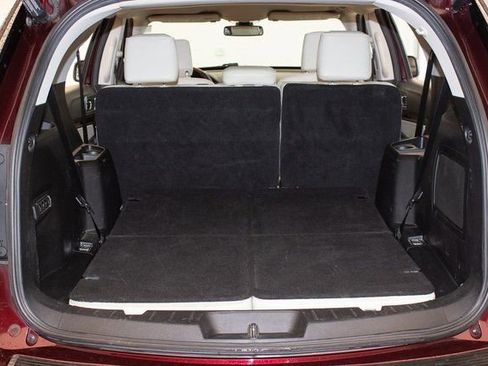 Used 2018 Ford Explorer Platinum image 15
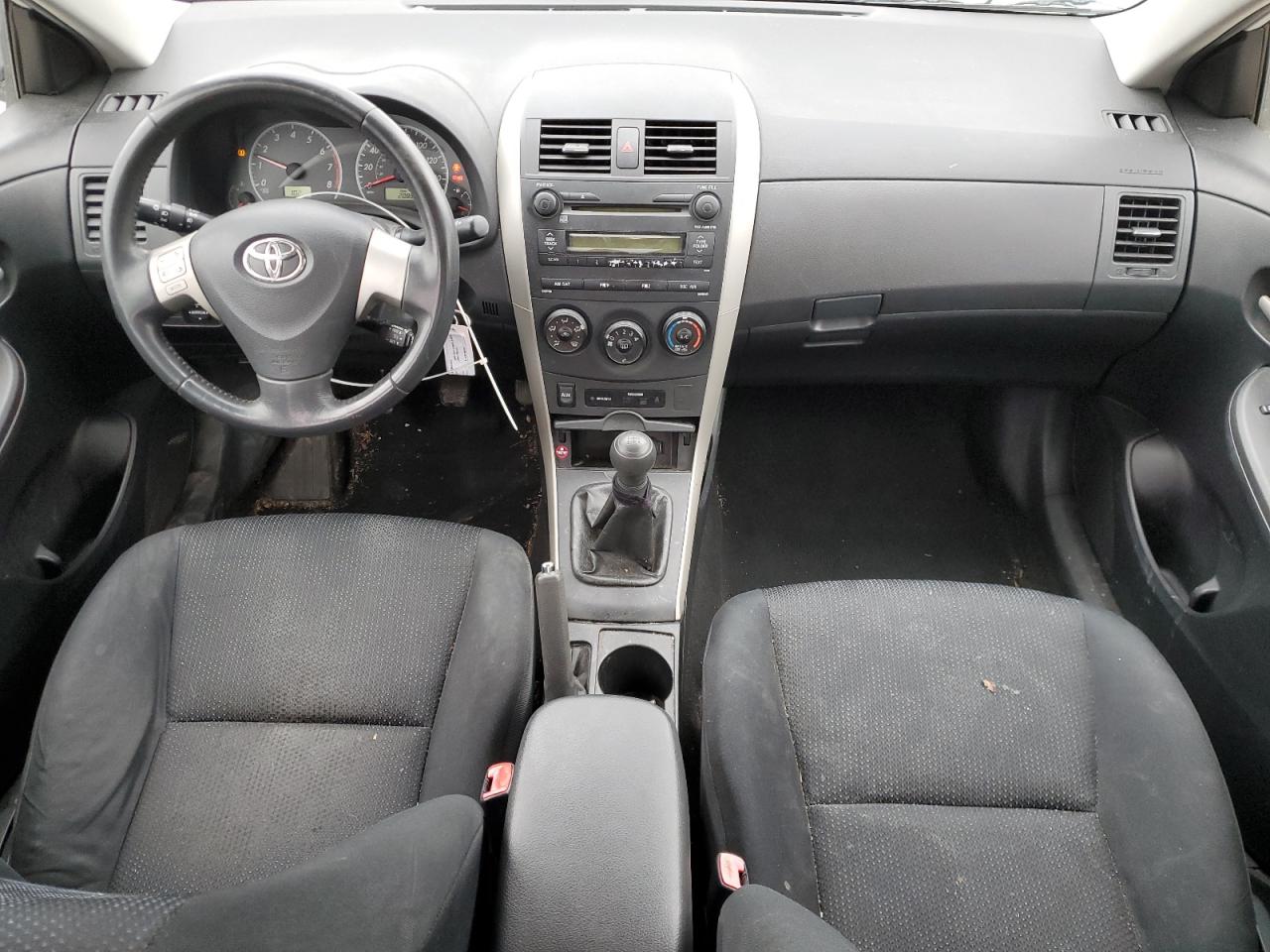 2009 Toyota Corolla - Image 8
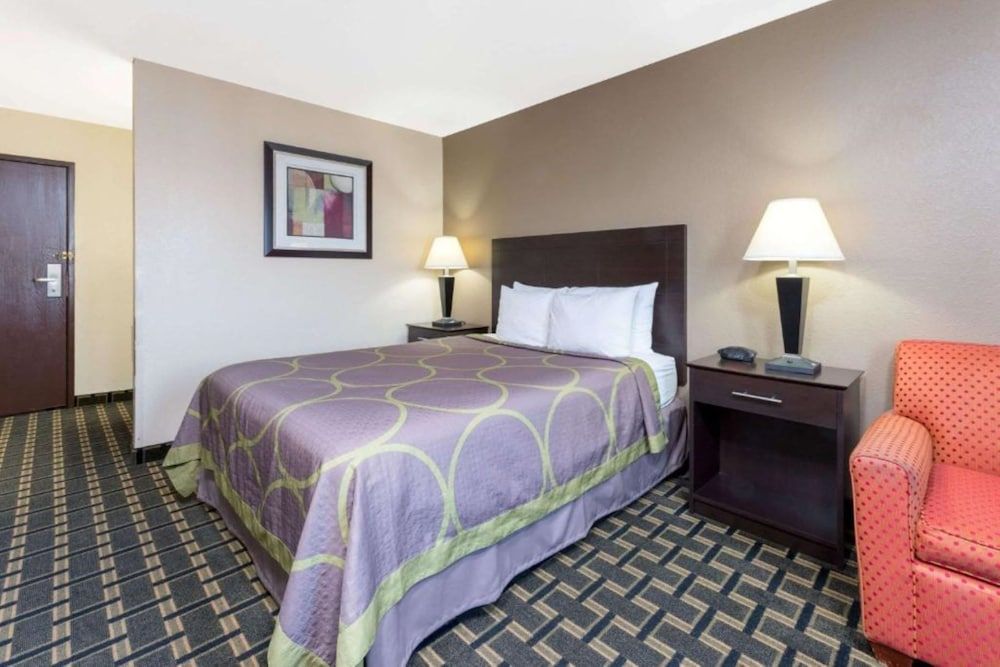 Standard Room, 1 Queen Bed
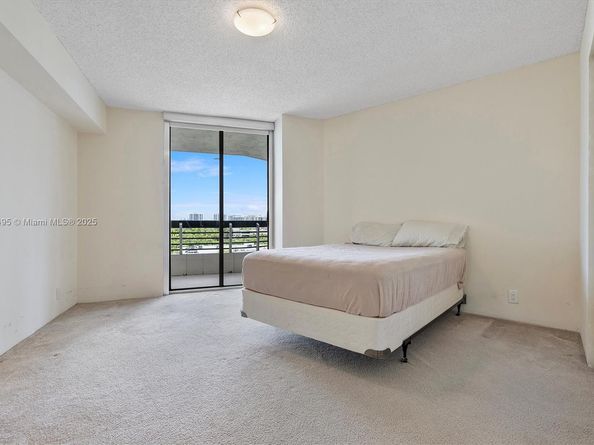 3530 Mystic Pointe Dr 808, Aventura FL 33180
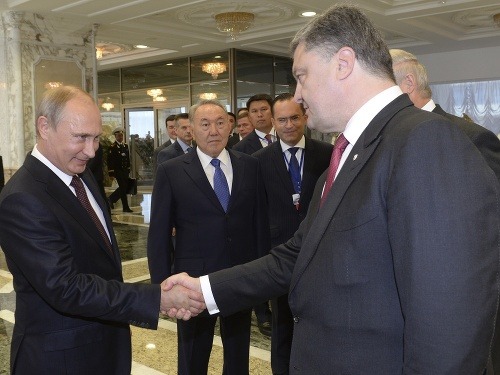 Vladimir Putin (vľavo) si
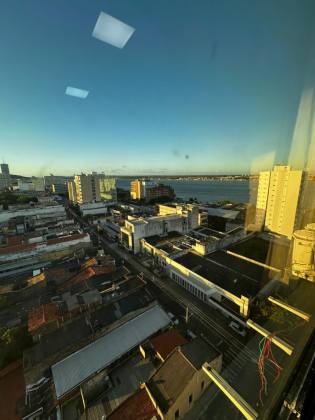 Excelente Sala Comercial com 24m² para Aluguel no Edifício Paulo Figueiredo
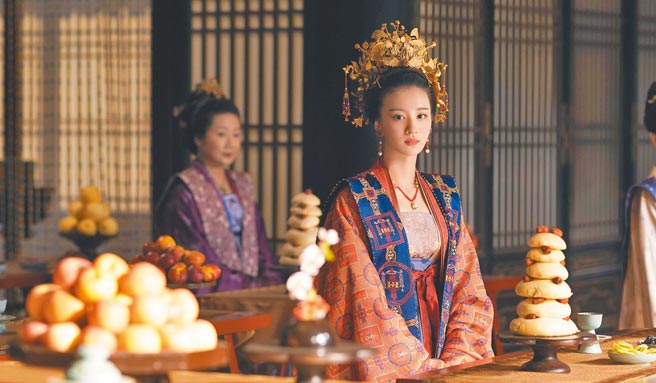 王楚然饰演的张贵妃，剧中凭舞技美色掳获君心。（中视提供）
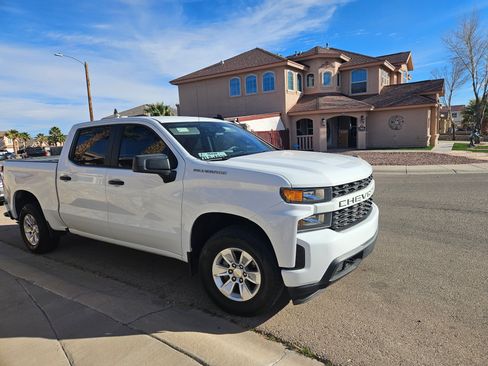 Used 2021 Chevrolet Silverado 1500 Custom w/ Safety Confidence Package image 1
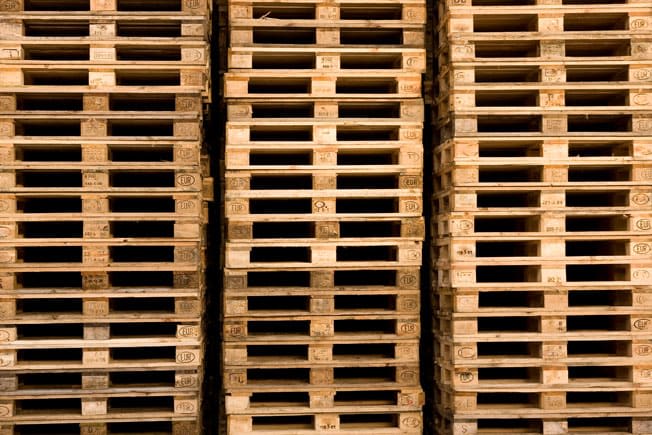 Red Rose Pallets & Case Bolton 01204 361825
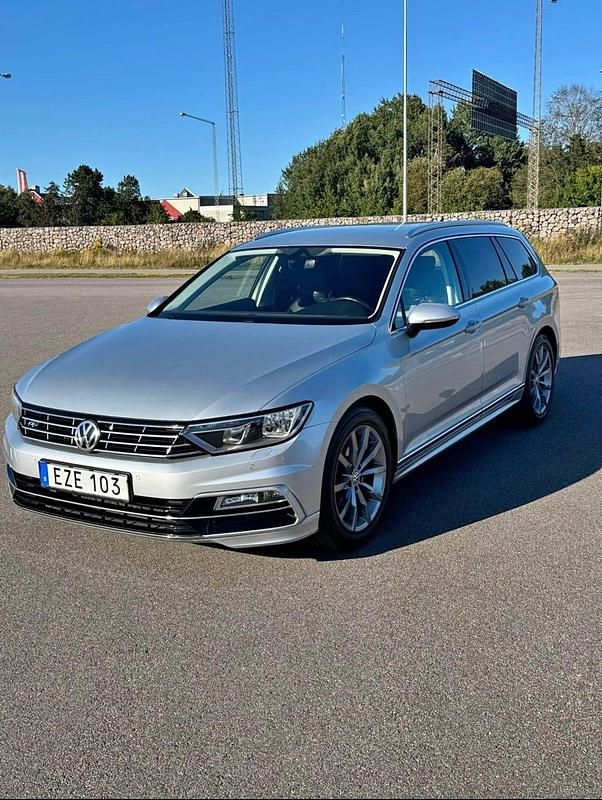 Begagnad 2016 VW Passat R-line | 179 900 kr (Lite dyr) - Bild 1/4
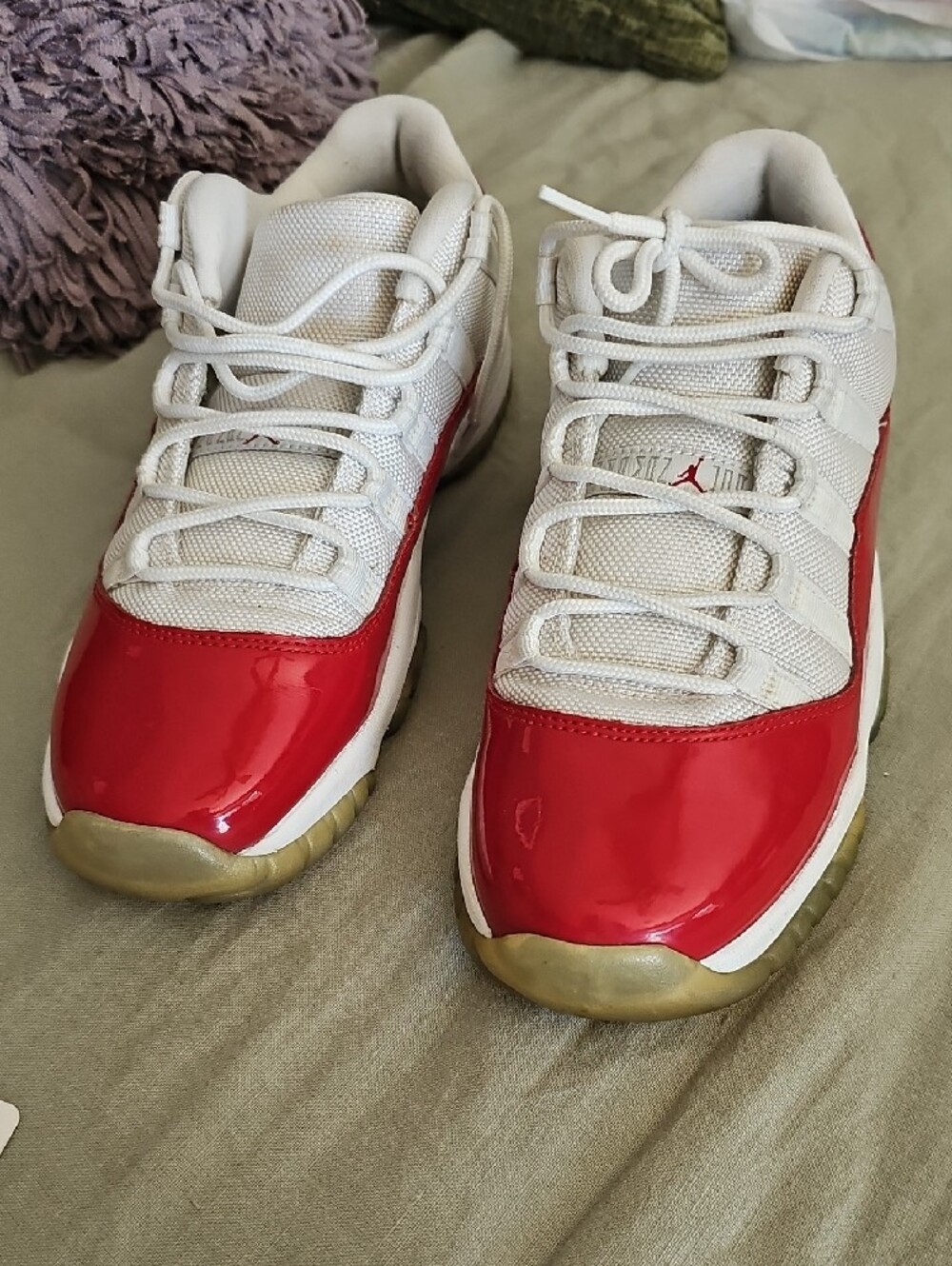 Nike Retro Air Jordan Cherry And White - Picture 8 of 16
· · · · · · ·
EXERCISE PROMPT.
The copy must start at the line containing "3530 Mystic Pointe Dr 808, Aventura FL 33180" and end at the last line of the data, matching each line exactly. It must hold no pictures.

ANSWER TO THE PROBLEM.
 3530 Mystic Pointe Dr 808, Aventura FL 33180
 Vladimir Putin (vľavo) si
 Excelente Sala Comercial com 24m² para Aluguel no Edifício Paulo Figueiredo
 王楚然饰演的张贵妃，剧中凭舞技美色掳获君心。（中视提供）
 Used 2021 Chevrolet Silverado 1500 Custom w/ Safety Confidence Package image 1
 Red Rose Pallets & Case Bolton 01204 361825
 Begagnad 2016 VW Passat R-line | 179 900 kr (Lite dyr) - Bild 1/4
 Nike Retro Air Jordan Cherry And White - Picture 8 of 16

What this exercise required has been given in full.